# Head and Strippers



## tips n tails (Mar 2, 2011)

Haven't been doing too much fishing due to time restraints, but here's some pics from last couple months, the stripers were caught awhile back over in YR, on flukes. Sheepies where caught mid bay as of recent on fids. Carolina rig, egg weight, leader, small circle hook, you get the picture. I see the FWCC Bios have been pretty busy this year, been seeing a lot of them at the marinas and landings. Sorry for not contributing to the forum as much guys!


----------



## h12 (Dec 15, 2012)

That's a nice mess of fish. How far out on mid bay were you for the sheepies?


----------



## delta dooler (Mar 6, 2008)

didnt know what I was going to see when I opened this one up after reading title ! "*HEAD AND STRIPPERS*"


----------



## delta dooler (Mar 6, 2008)

great pics though ! :thumbup:


----------



## Randall2point0 (Feb 11, 2011)

Wirelessly posted

Those are nice striped bass, how far up Yellow River were you?


----------



## Buckyt (Oct 1, 2007)

I like stripers, but prefer strippers.


----------



## EODangler (Apr 7, 2011)

delta dooler said:


> didnt know what I was going to see when I opened this one up after reading title ! "*HEAD AND STRIPPERS*"

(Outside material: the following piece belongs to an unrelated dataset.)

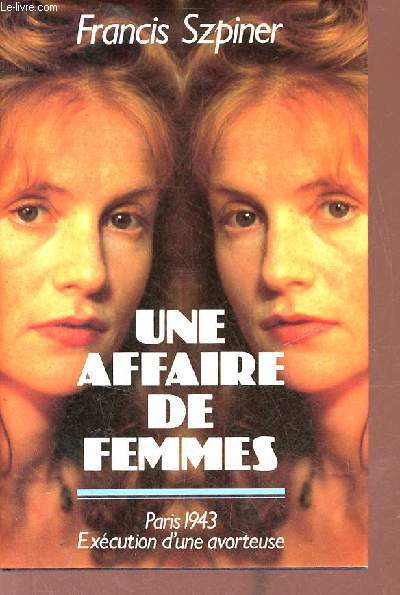 Une affaire de femmes Paris 1943 excution d'une avorteuse.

I'm a little disappointed:thumbup:

Nice mess of fish!


----------



## grey ghost (Jul 24, 2011)

u woreum out dude , good pics


----------



## PorknBeans (Nov 21, 2007)

nice!!


----------



## DAWGONIT (Jan 16, 2009)

WTG tips n tails; nice mess of fish all around.
Thanks for sharing.
Catch 'em up.


----------



## tips n tails (Mar 2, 2011)

EODangler said:


> I'm a little disappointed:thumbup:
> 
> Nice mess of fish!


LOL, I knew the title would be a let down for some!! :shifty:

To answer the questions that were posted, about half of the sheepies were caught at mid bay bridge, tossed 13 under sized ones, channel markers also held some. Still a little early I think. 

Ive caught stripers from Browns to above HWY 87, so dont think they dont travel the YR waterway bc they do. The first cold snap of the year gets them going pretty good, down at the mouth and over in Weaver.


----------



## azevedo16 (Aug 18, 2010)

Very nice catch:thumbup:


----------



## snakeman14 (Apr 17, 2008)

Awsesome catch man, thanks alot for sharing.


----------